How to complete this task: Below are the entries. Transcribe exactly the lines from the one with "curry sauce with beef and rice" through the one with "Stolik kawowy WILDLIFE", ends included, and leave out all others.

Data:
════════
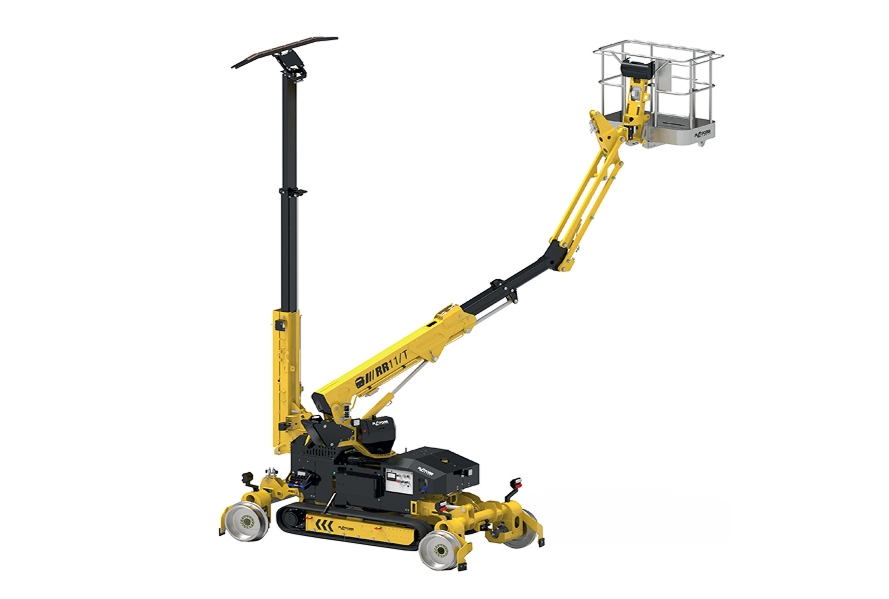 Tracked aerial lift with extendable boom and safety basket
════════
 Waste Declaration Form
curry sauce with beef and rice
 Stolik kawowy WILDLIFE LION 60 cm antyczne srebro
════════
Answer:
curry sauce with beef and rice
 Stolik kawowy WILDLIFE LION 60 cm antyczne srebro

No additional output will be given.